He laughed. “Why, you damn fool, this country has the best judges that money can buy, and believe me, they can be bought. If this case ever comes to trial, I’ll go free. I’ll have me a good lawyer, and I’ll prove it was all a mistake.
“Anyway, they could only get me for rustling, and I could do the years I’d get for that standing on my head.”
“You talk a good show.”
“I’m better off than you,” he said contemptuously. “At least, I’m in here for something I did.”
He had me there, so I turned over and tried to go to sleep again.
But after maybe half an hour had passed and I was still lying there thinking, he said, “Hell, I got a good notion to bust out. You want to try it?”
“No.”
“The hell with you!”
That ended our conversation.
M
Y HAND WAS getting better, but it needed to, with what I had planned for it.
At noon on my sixth day in jail the door from the office opened suddenly and Jim Fargo appeared. He had the keys in his hand, and he unlocked the door of my cell. “Come on out, Pike,” he said. “You don’t belong in there.”
“Am I free?”
“No, there’s a preliminary hearing this morning. That’s where we’re going now.”

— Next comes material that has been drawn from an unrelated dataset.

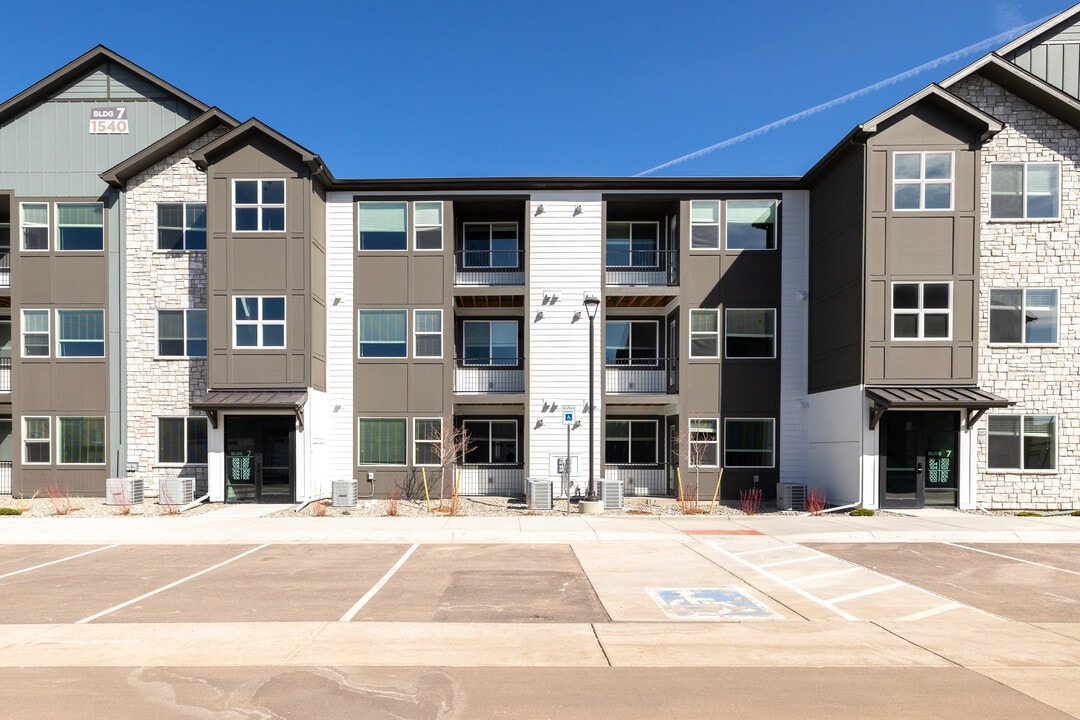 View on Centennial in Colorado Springs, CO - Foto de edificio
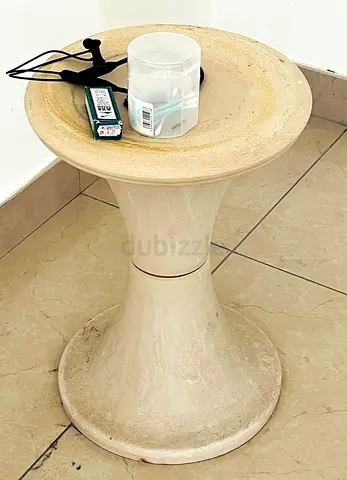 Beige Strong round Pedestal Style chair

“Will Roman Bohlen be there?”
“He had better be.”
The room was crowded when Fargo walked me to the front of the room, and I could hear the muttering as I passed. Butch Hogan and Charley Brown were there, and at the back of the room there was a row of soldiers wearing side arms.

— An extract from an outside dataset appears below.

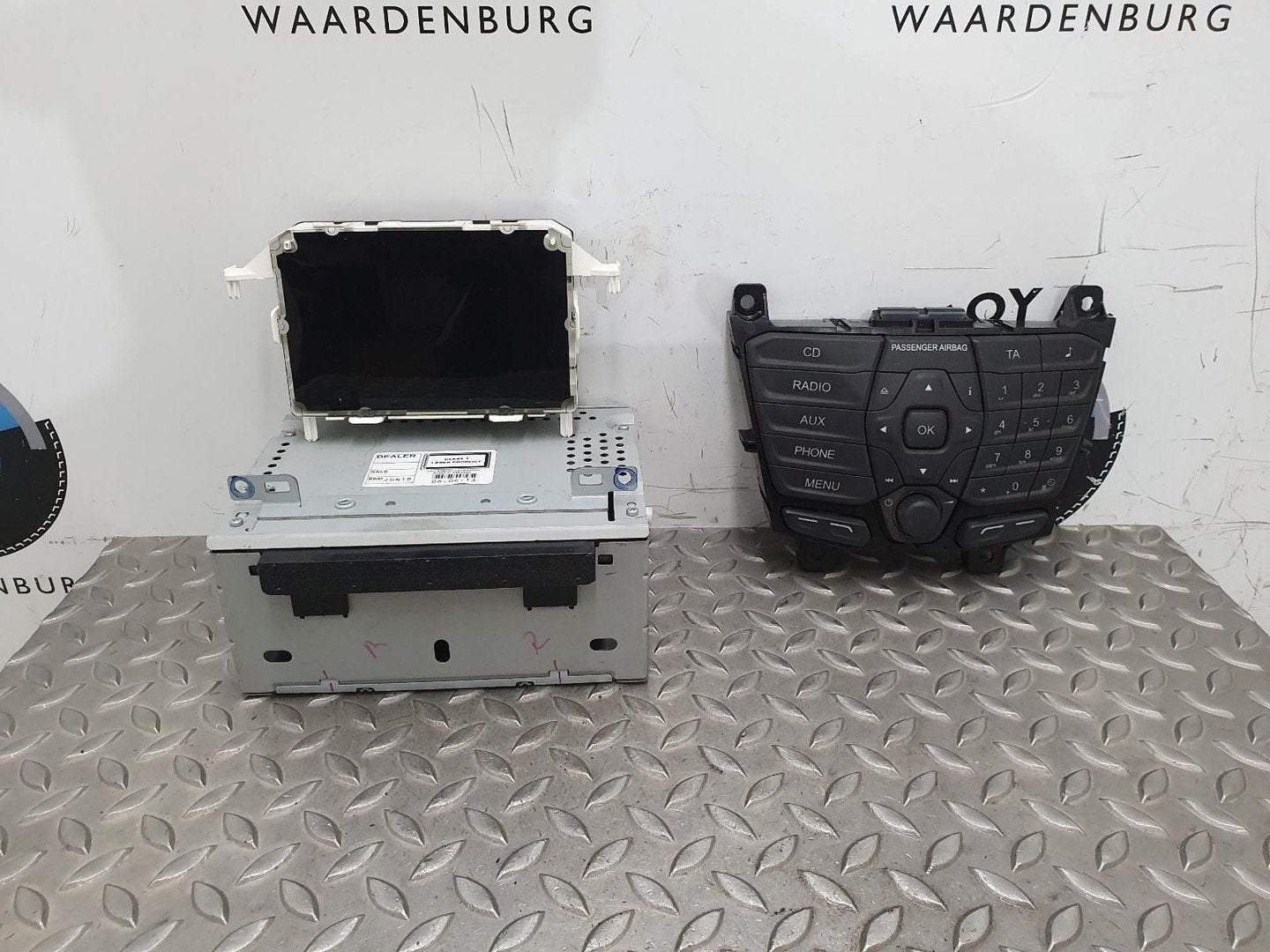 FORD TRANSIT RADIO 2015, Ophalen of Verzenden, Gebruikt, Stiba lid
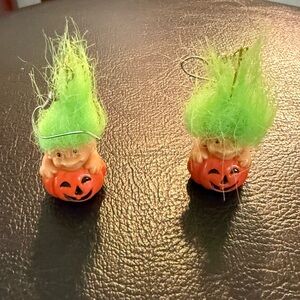 Vintage 80s Russ Halloween Troll Earrings with Green Hair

Roman Bohlen and his outfit were there, and Red Hardeman was with them. When they brought me in Bohlen shot an ugly look at Hardeman, but the gunman never flickered his eyelids.
Bohlen testified, telling how I’d stolen stock from Justin and himself, how I’d been fired, and how I’d gone crazy and killed the Farleys, then attacked his outfit when Eddie Holt was killed by them.
“The Farleys were both killed?” the judge asked.
“Both of them. I saw her body, too. I don’t know what he did with it.”
At that moment the door opened and Ann walked in on crutches. She was pale, but she looked better than when I’d last seen her, and she walked right up to me and held out her hand.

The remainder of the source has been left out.